Pojedynek architektów: projekt godny polecenia [część 1]
Przez ponad dwa lata nasi eksperci "pojedynkowali się" na projekty, wybierając domy zgodnie z oczekiwaniami czytelników. Prezentowane tym razem propozycje będą ostatnimi w formule "pojedynku", dlatego postanowiliśmy nie wyznaczać tematu poszukiwań i dać naszym architektom wolność wyboru. Mieli wskazać do prezentacji projekt, który lubią, który wydaje im się warty uwagi i wybudowania, słowem - "znalezisko" roku.
Największe zalety projektu, czyli dlaczego polecam właśnie ten dom
Iwona Mere - ekspertka "Ładnego domu", architektka z dużą praktyką. Związana z miesięcznikiem od 1998 roku - wybrała projekt "Dom jednorodzinny w Gliwicach".

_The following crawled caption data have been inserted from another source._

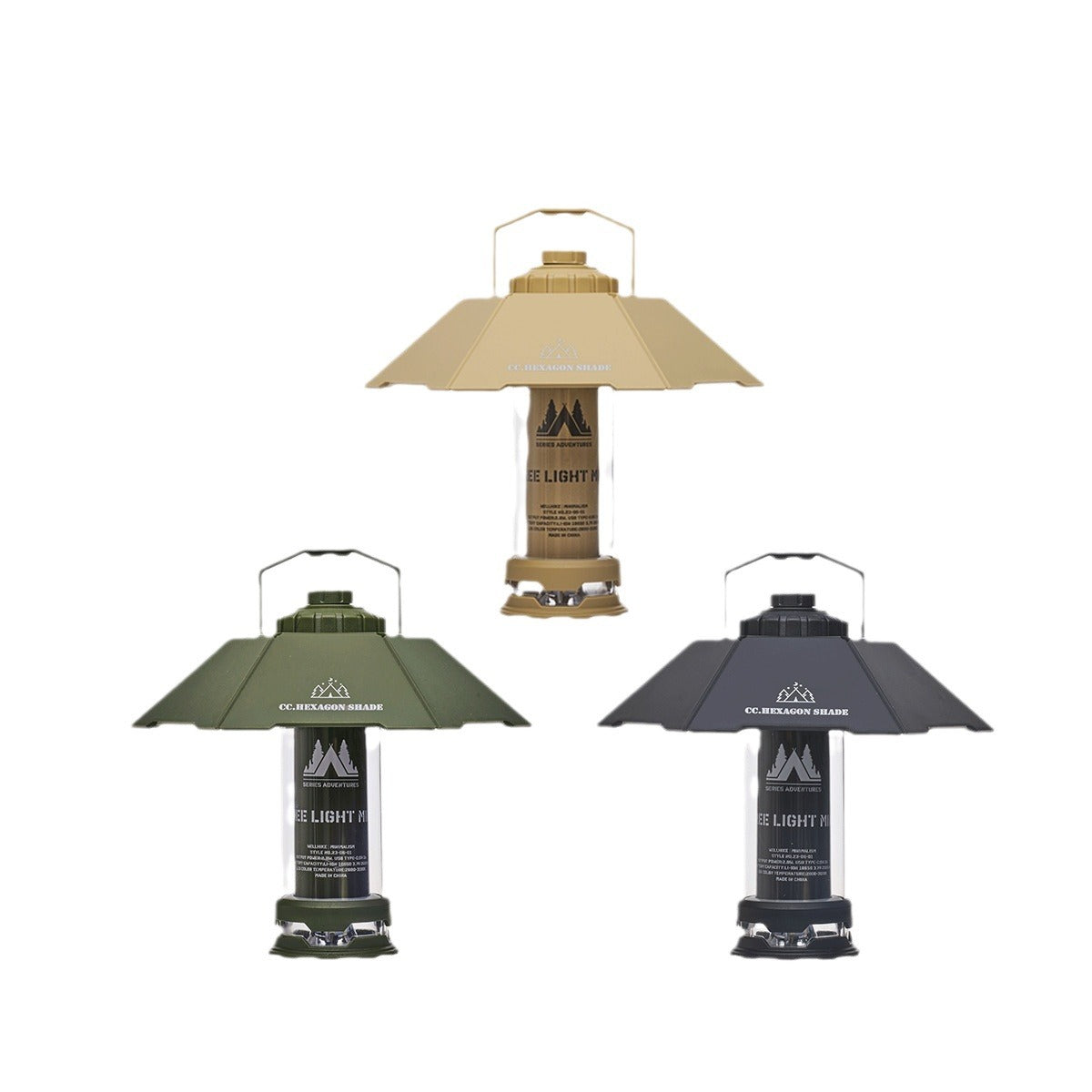 Lámpara de Camping Recargable USB – Luz LED Portátil para Tienda y Actividades al Aire Libre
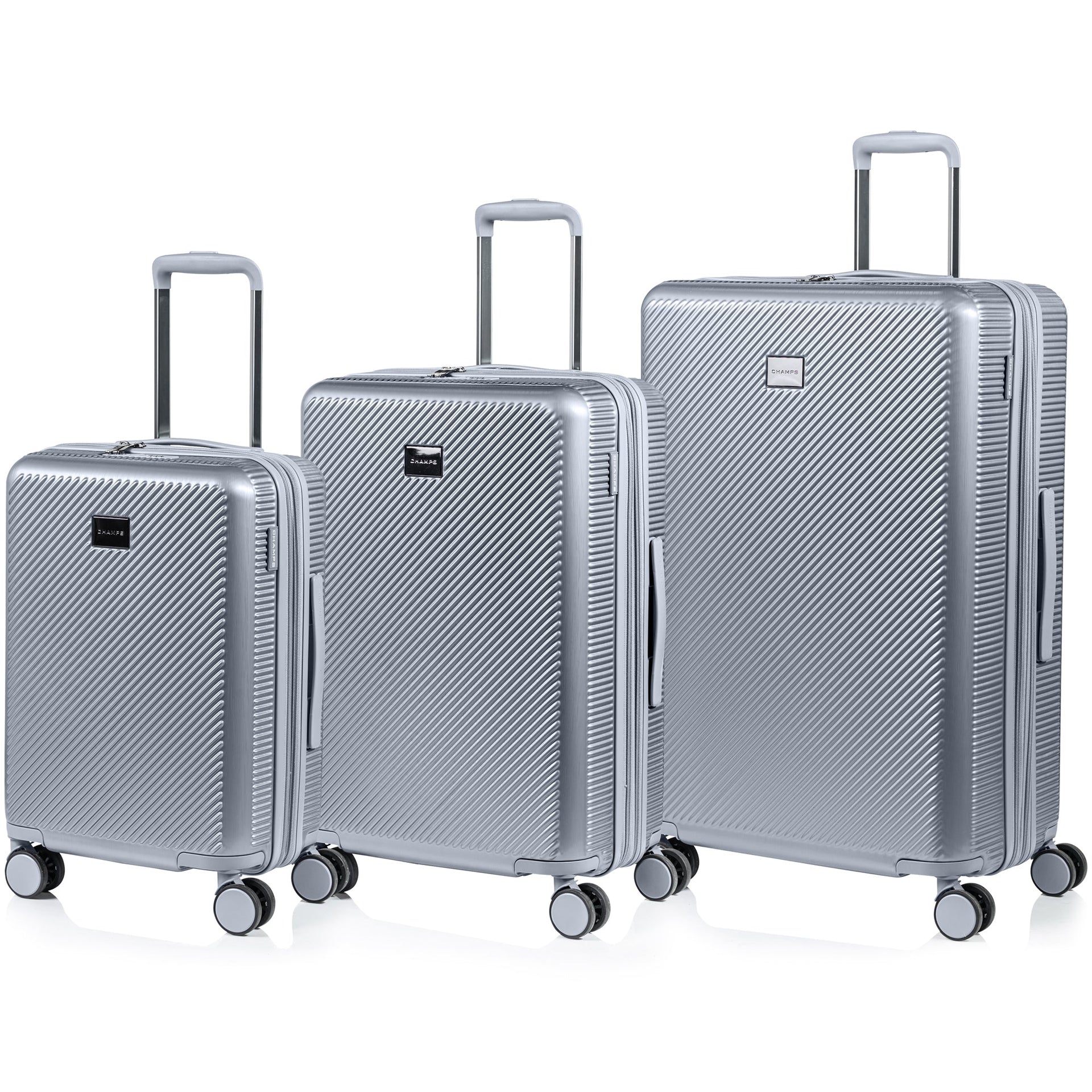 Iconic II / 3-Piece Luggage Set Silver Champs Luggage Shopify Collective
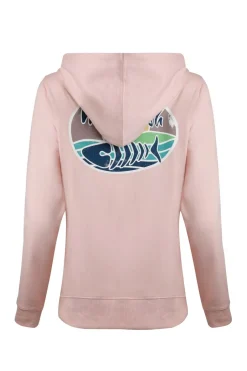 Weird Fish Sweatshirts & Hoodies|Kira Eco Back Print Popover Hoodie Dusty Rose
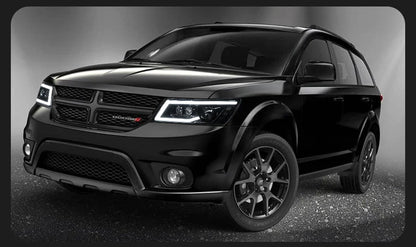 AKD Car Styling for Dodge JCUV Journey 2009-2016 LED Headlight Fiat Freemont LED DRL Hid Angel Eye Bi Xenon Beam Accessories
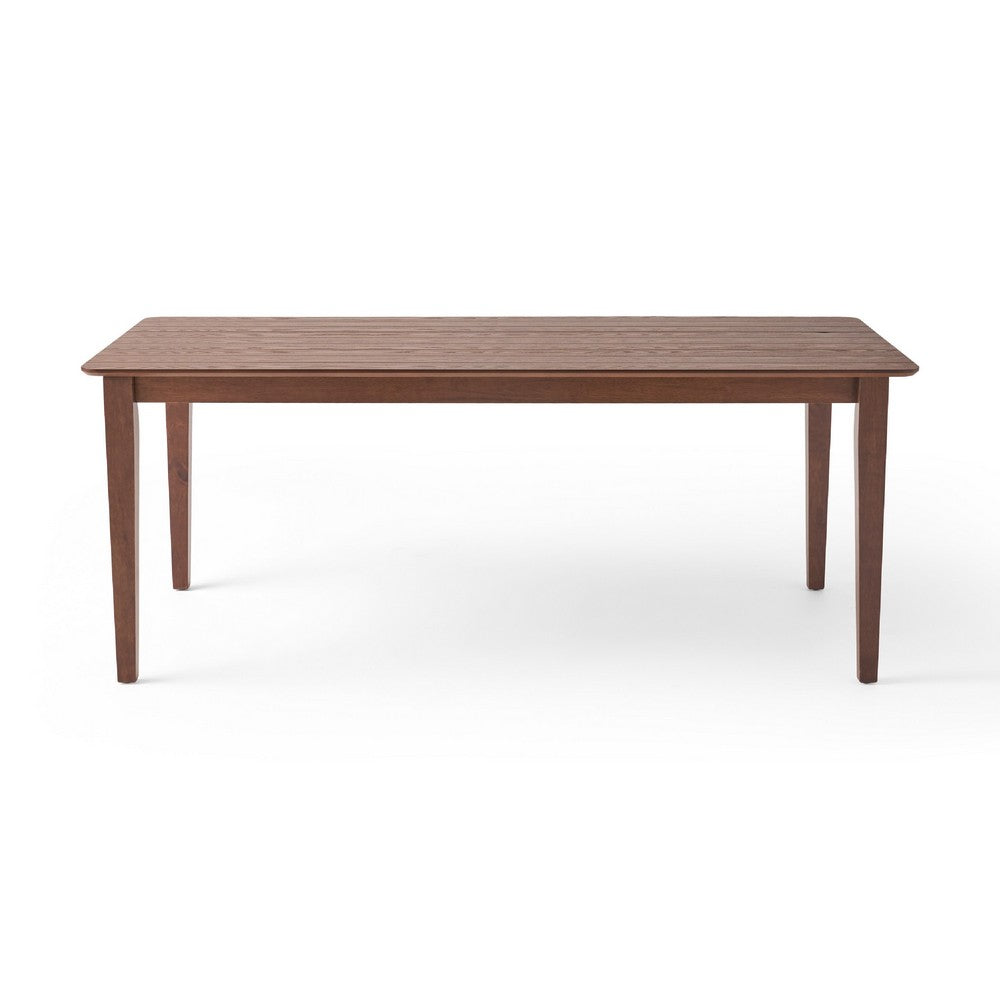 Viri Dining Table, 76 Inch, Square Legs, Walnut Brown Rectangular Top -BM335788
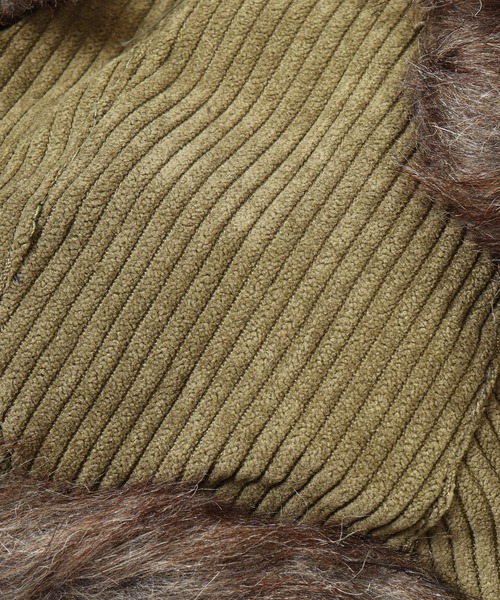 Well-Tailored（ウェルテイラード）の「Well-Tailored コーデュロイ フライトキャップ（キャップ・メンズ・ブラック/ブラウン/カーキ・FREE）」の13枚目の写真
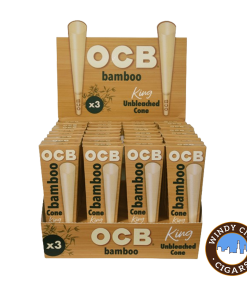 OCB Bamboo Unbleached Cones – King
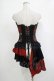 画像3: Qutie Frash / オーバーバストコルセット  黒×赤 H-25-11-07-029-QU-TO-KB-ZH (3)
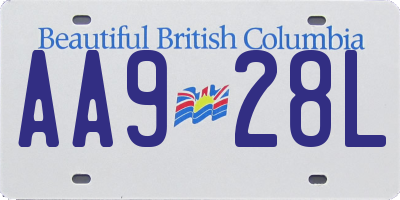 BC license plate AA928L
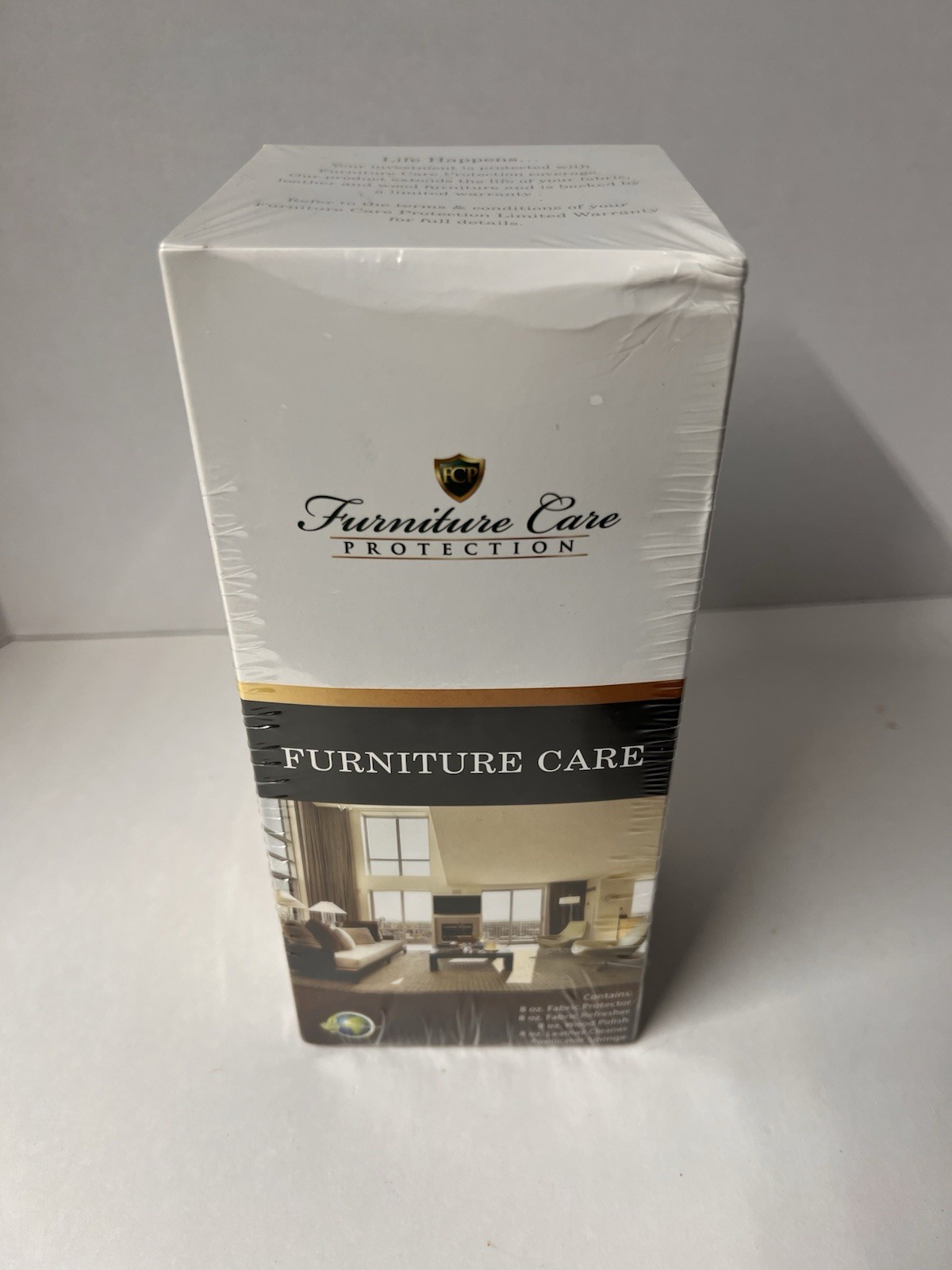 Furniture Care Protection 3-Piece Kit Leather Cleaner Wood Polish Fabric 12oz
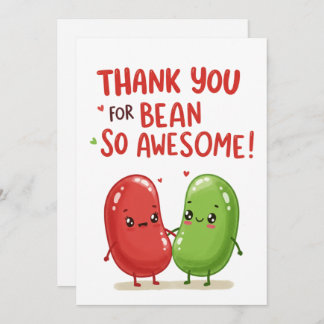 Cute Jelly Bean Couple - Valentine's Day Holiday Card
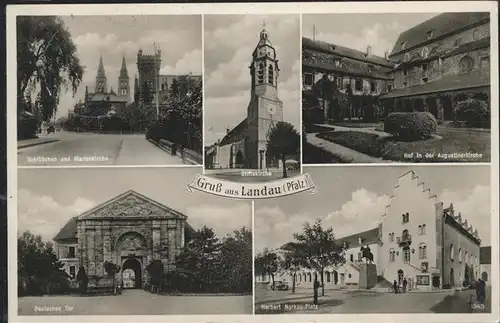 Landau Pfalz Augustiner Kirche Deutsches Tor Norbert Markus Platz Marien Kirche 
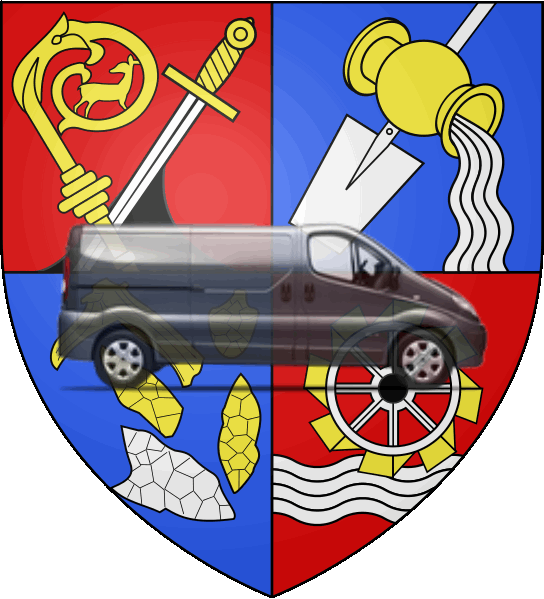 camion sur blason ville de Bossay-sur-Claise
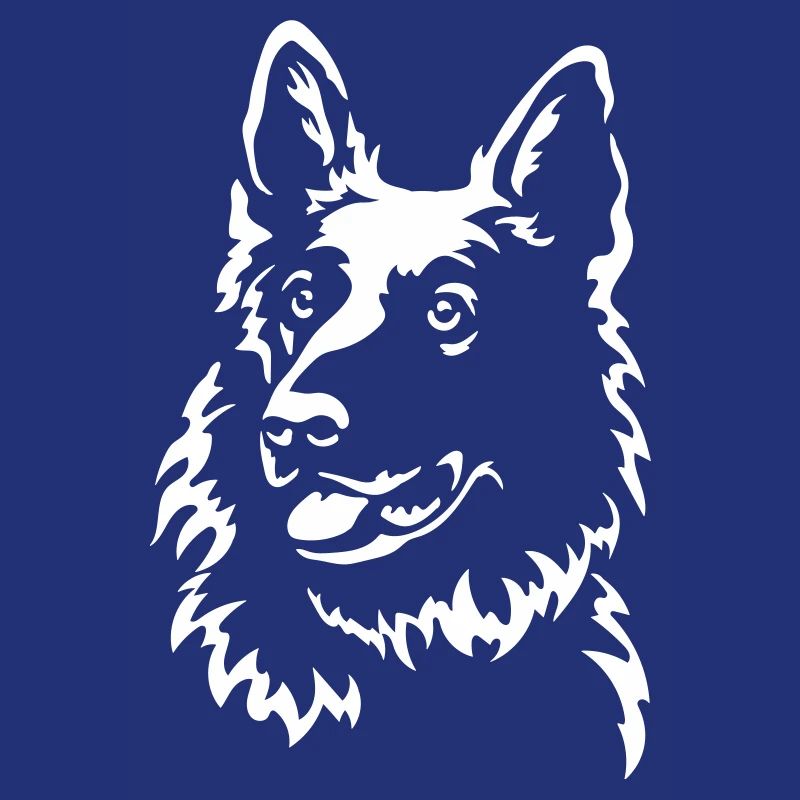 Schweizer Schäferhund Kopf "Black Edition"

- projekt wyróżnia współczesna forma z prostym detalem;
- bryła z dwuspadowym dachem łatwo wpisze się w otoczenie, może stanąć w naturalnym krajobrazie, na nowym osiedlu albo w starszej czy zróżnicowanej zabudowie;
- podział na strefy funkcjonalne jest czytelny: przestronna część dzienna na parterze, prywatne pokoje z zapleczem - na poddaszu;
- integralną część projektu stanowi obszerny, dwustanowiskowy garaż;
- atrakcyjność budynku zwiększa zadaszony taras po stronie ogrodu i strefa wejściowa - również wsunięta pod połać dachową; od zewnątrz oba obszary wyróżnia drewniana okładzina (zyskująca przy "bliższym kontakcie").
Metryka projektu
Pow. użytkowa: 180 m2 + 40 m2 garaż; pow. zabudowy: 223,5m2; min. wymiar działki: 19,4 m x 26,6 m; wysokość budynku: 8,25 m; autorzy: architekt Marcin Jagiełło, architekt Jarek Krysiak; kontakt do pracowni: Jagiełło Krysiak Architekci, Katowice/Bielsko-Biała; tel. 603 272 968, 661 353 067; e-mail: admin@jk-a.pl
W budynku z użytkowym poddaszem jest miejsce dla czteroosobowej rodziny. Sypialnie domowników ulokowano na górnej kondygnacji i wyposażono w tradycyjne okna rozmieszczone w bocznych ścianach. Dużym pokojom na tym poziomie towarzyszą liczne schowki oraz widna łazienka. Wyeksponowane w przestrzeni parteru schody najefektowniej zaprezentują się jako współczesna, optycznie lekka konstrukcja; starannie wykończone będą prawdziwą ozdobą domu. Przy zaprojektowanym w ten sposób układzie komunikacyjnym wyzwaniem dla inwestorów będzie zapewnienie bezpieczeństwa najmłodszym użytkownikom, dlatego polecam to lokum rodzinom z podchowanym potomstwem. Pomieszczenie gabinetu czy też biblioteka, na które wyznaczono miejsce obok części dziennej, może posłużyć w razie potrzeby jako pokój gościnny, w sąsiedztwie jest bowiem kompletnie wyposażona łazienka.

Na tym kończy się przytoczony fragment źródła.